_INSTRUCTIONS TO FOLLOW_.
From the first line of the entries below to the line with "Blackstone grill and", give each line again exactly.

Short text fragments from websites

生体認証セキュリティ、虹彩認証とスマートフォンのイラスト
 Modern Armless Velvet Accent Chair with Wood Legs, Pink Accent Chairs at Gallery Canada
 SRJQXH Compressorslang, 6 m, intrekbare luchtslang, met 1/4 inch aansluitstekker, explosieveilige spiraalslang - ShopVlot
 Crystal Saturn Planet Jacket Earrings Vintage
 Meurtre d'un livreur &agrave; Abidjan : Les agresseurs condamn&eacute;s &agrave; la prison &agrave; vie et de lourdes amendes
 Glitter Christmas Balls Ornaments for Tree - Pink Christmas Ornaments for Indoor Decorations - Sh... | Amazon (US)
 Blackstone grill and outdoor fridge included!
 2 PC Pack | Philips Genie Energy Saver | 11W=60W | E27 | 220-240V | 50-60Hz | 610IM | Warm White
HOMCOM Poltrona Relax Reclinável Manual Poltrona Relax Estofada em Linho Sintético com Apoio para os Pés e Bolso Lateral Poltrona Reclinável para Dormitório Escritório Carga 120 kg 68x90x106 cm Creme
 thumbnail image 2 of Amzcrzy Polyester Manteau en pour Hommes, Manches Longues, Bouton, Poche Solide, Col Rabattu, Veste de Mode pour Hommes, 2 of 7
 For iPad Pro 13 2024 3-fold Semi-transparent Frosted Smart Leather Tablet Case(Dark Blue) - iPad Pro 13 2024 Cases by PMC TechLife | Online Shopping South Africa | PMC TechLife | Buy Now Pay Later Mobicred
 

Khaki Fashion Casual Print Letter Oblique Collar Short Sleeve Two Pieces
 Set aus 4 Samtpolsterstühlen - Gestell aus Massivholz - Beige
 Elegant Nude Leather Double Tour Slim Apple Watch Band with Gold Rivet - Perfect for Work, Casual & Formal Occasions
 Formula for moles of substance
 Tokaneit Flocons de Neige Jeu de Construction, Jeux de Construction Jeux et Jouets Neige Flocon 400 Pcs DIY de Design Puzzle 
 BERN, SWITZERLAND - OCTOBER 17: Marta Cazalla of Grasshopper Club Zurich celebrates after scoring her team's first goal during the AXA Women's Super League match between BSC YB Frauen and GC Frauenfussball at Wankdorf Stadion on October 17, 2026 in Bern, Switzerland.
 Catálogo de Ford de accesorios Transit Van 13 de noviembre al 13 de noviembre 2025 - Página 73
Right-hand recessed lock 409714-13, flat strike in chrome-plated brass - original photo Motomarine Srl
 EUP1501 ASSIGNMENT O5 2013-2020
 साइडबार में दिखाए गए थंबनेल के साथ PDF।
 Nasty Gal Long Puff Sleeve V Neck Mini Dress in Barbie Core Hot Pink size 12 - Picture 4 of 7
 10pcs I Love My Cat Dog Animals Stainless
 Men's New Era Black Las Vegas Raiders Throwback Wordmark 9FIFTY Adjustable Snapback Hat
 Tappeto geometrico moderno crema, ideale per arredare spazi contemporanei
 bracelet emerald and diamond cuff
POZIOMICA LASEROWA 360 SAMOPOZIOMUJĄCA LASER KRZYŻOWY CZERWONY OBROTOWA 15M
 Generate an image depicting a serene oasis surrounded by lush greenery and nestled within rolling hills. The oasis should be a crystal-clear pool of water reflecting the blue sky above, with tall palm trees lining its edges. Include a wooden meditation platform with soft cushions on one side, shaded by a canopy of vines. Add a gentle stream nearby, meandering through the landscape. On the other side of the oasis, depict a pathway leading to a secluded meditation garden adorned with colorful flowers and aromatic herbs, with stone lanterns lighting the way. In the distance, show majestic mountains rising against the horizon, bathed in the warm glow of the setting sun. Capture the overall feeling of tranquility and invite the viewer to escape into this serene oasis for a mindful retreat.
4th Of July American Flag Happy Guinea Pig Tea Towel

_ANSWER BELOW_.
生体認証セキュリティ、虹彩認証とスマートフォンのイラスト
 Modern Armless Velvet Accent Chair with Wood Legs, Pink Accent Chairs at Gallery Canada
 SRJQXH Compressorslang, 6 m, intrekbare luchtslang, met 1/4 inch aansluitstekker, explosieveilige spiraalslang - ShopVlot
 Crystal Saturn Planet Jacket Earrings Vintage
 Meurtre d'un livreur &agrave; Abidjan : Les agresseurs condamn&eacute;s &agrave; la prison &agrave; vie et de lourdes amendes
 Glitter Christmas Balls Ornaments for Tree - Pink Christmas Ornaments for Indoor Decorations - Sh... | Amazon (US)
 Blackstone grill and outdoor fridge included!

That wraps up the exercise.